Blackwell ups the ante on training performance

In MLPerf Training 4.1 industry benchmarks, the Nvidia Blackwell platform has delivered impressive results on workloads across all tests – and up to 2,2x more performance per GPU on LLM benchmarks, including Llama 2 70B fine-tuning and GPT-3 175B pretraining.

In addition, Nvidia’s submissions on the Nvidia Hopper platform continued to hold at-scale records on all benchmarks, including a submission with 11,616 Hopper GPUs on the GPT-3 175B benchmark.

The first Blackwell training submission to the MLCommons Consortium – which creates standardised, unbiased and rigorously peer-reviewed testing for industry participants – highlights how the architecture is advancing generative AI training performance.

The architecture includes new kernels that make more efficient use of Tensor Cores. Kernels are optimised, purpose-built math operations like matrix-multiplies that are at the heart of many deep learning algorithms.

Blackwell’s higher per-GPU compute throughput and significantly larger and faster high-bandwidth memory allows it to run the GPT-3 175B benchmark on fewer GPUs while achieving excellent per-GPU performance.

Taking advantage of larger, higher-bandwidth HBM3e memory, just 64 Blackwell GPUs were able to run in the GPT-3 LLM benchmark without compromising per-GPU performance. The same benchmark run using Hopper needed 256 GPUs.

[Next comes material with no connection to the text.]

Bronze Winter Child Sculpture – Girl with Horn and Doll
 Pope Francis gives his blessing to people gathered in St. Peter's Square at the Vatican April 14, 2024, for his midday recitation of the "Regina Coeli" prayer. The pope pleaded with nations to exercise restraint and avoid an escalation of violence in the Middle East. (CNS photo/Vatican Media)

The Blackwell training results follow an earlier submission to MLPerf Inference 4.1, where Blackwell delivered up to 4x more LLM inference performance versus the Hopper generation. Taking advantage of the Blackwell architecture’s FP4 precision, along with the NVIDIA QUASAR Quantization System, the submission revealed powerful performance while meeting the benchmark’s accuracy requirements.

Nvidia platforms undergo continuous software development, racking up performance and feature improvements in training and inference for a wide variety of frameworks, models and applications.

In this round of MLPerf training submissions, Hopper delivered a 1,3x improvement on GPT-3 175B per-GPU training performance since the introduction of the benchmark.

Nvidia also submitted large-scale results on the GPT-3 175B benchmark using 11,616 Hopper GPUs connected with Nvidia NVLink and NVSwitch high-bandwidth GPU-to-GPU communication and Nvidia Nvidia-2 InfiniBand networking.

Nvidia Hopper GPUs have more than tripled scale and performance on the GPT-3 175B benchmark since last year. In addition, on the Llama 2 70B LoRA fine-tuning benchmark, NVIDIA increased performance by 26% using the same number of Hopper GPUs, reflecting continued software enhancements.